[TASK DETAILS]
Upon reaching the line that contains "raina-4_280x280_crop_478b24840a" in the records below, begin repeating every line exactly through the last one, skipping pictures.

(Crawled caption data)
|---|

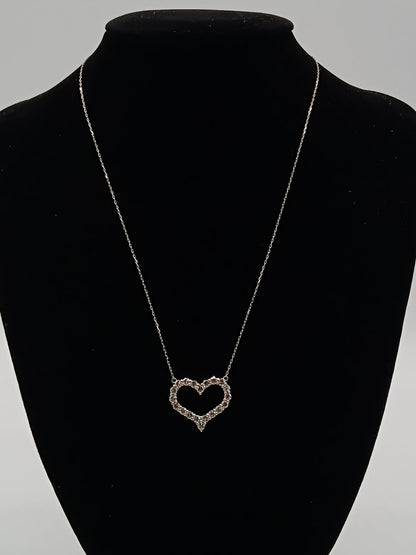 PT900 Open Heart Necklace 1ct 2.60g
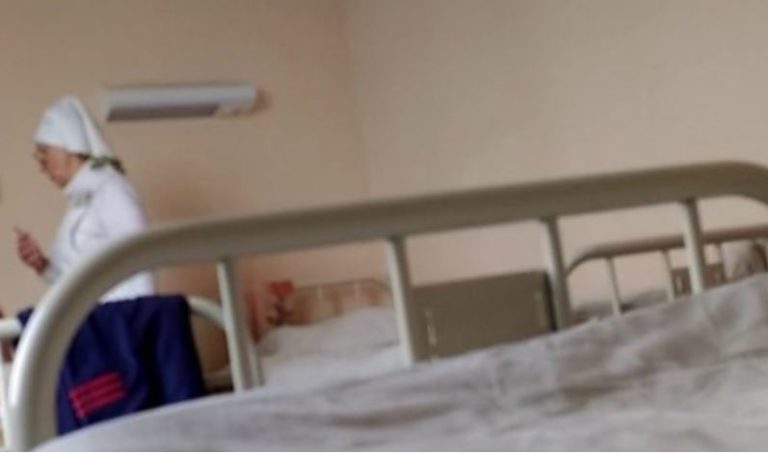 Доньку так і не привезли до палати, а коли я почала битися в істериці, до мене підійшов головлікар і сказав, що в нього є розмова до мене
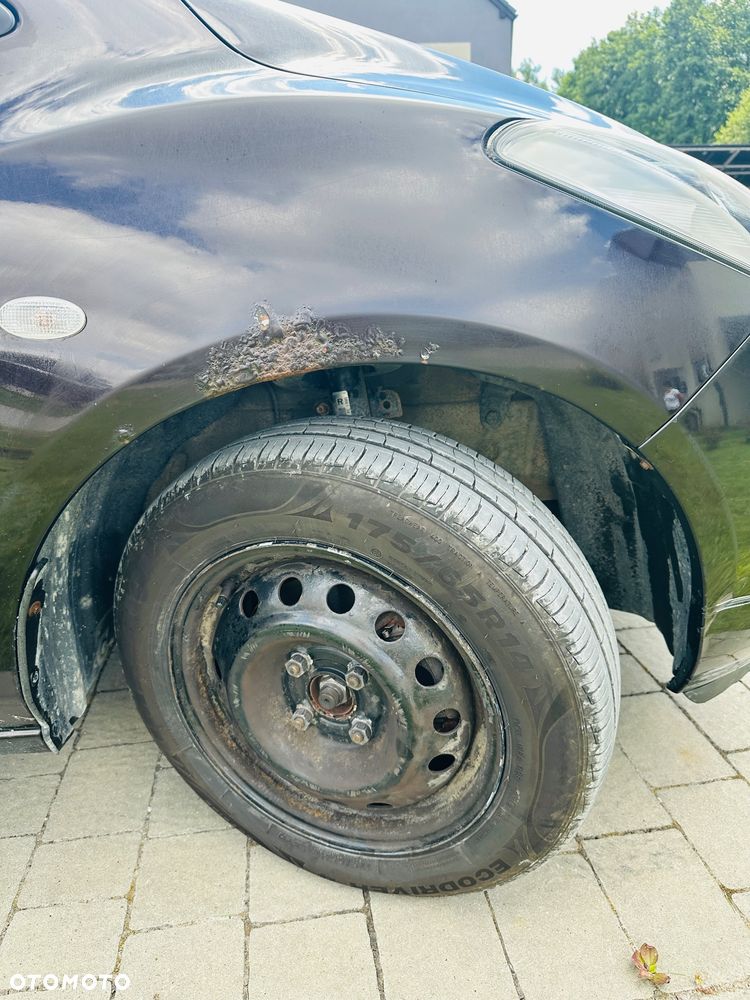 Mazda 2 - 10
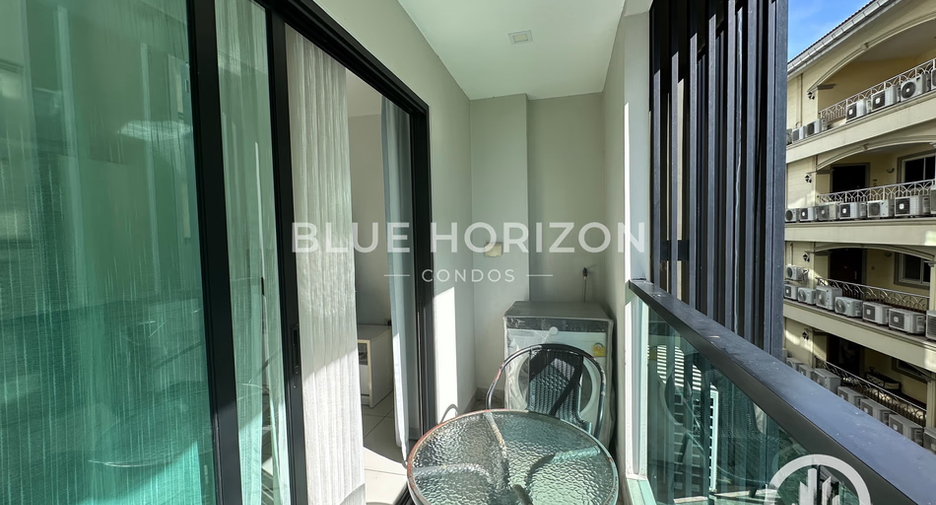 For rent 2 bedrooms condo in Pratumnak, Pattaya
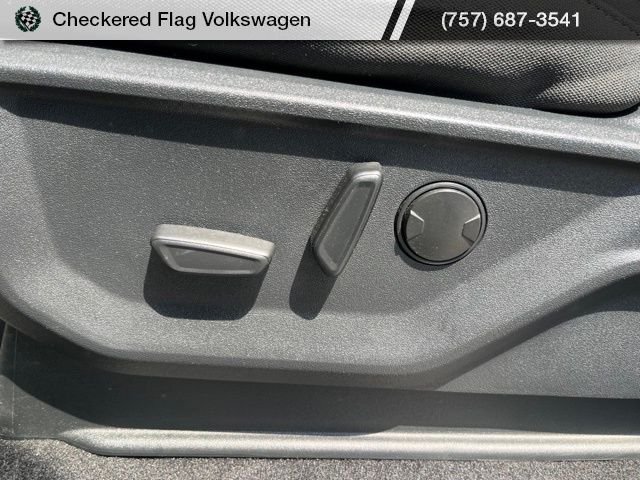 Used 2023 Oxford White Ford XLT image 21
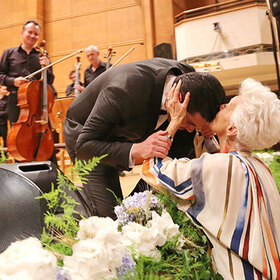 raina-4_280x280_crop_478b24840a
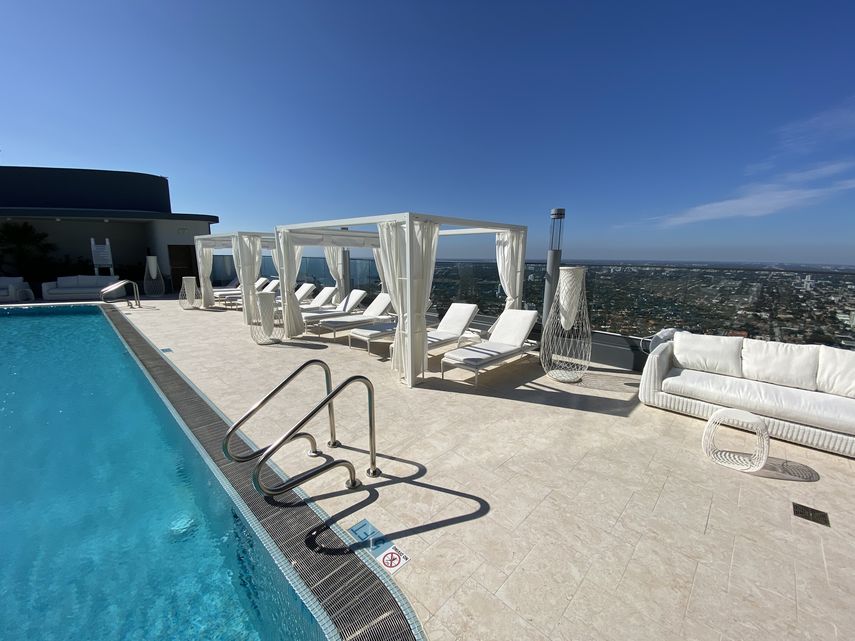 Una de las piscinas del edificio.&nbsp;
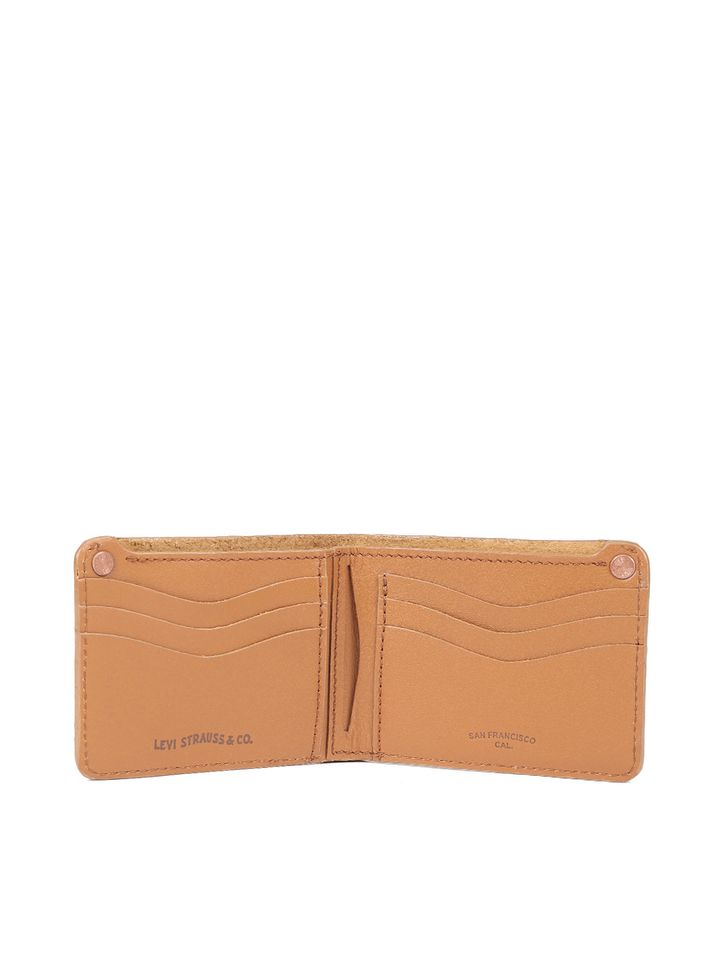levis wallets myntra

|---|

[RESULT BELOW]
 raina-4_280x280_crop_478b24840a
 Una de las piscinas del edificio.&nbsp;
levis wallets myntra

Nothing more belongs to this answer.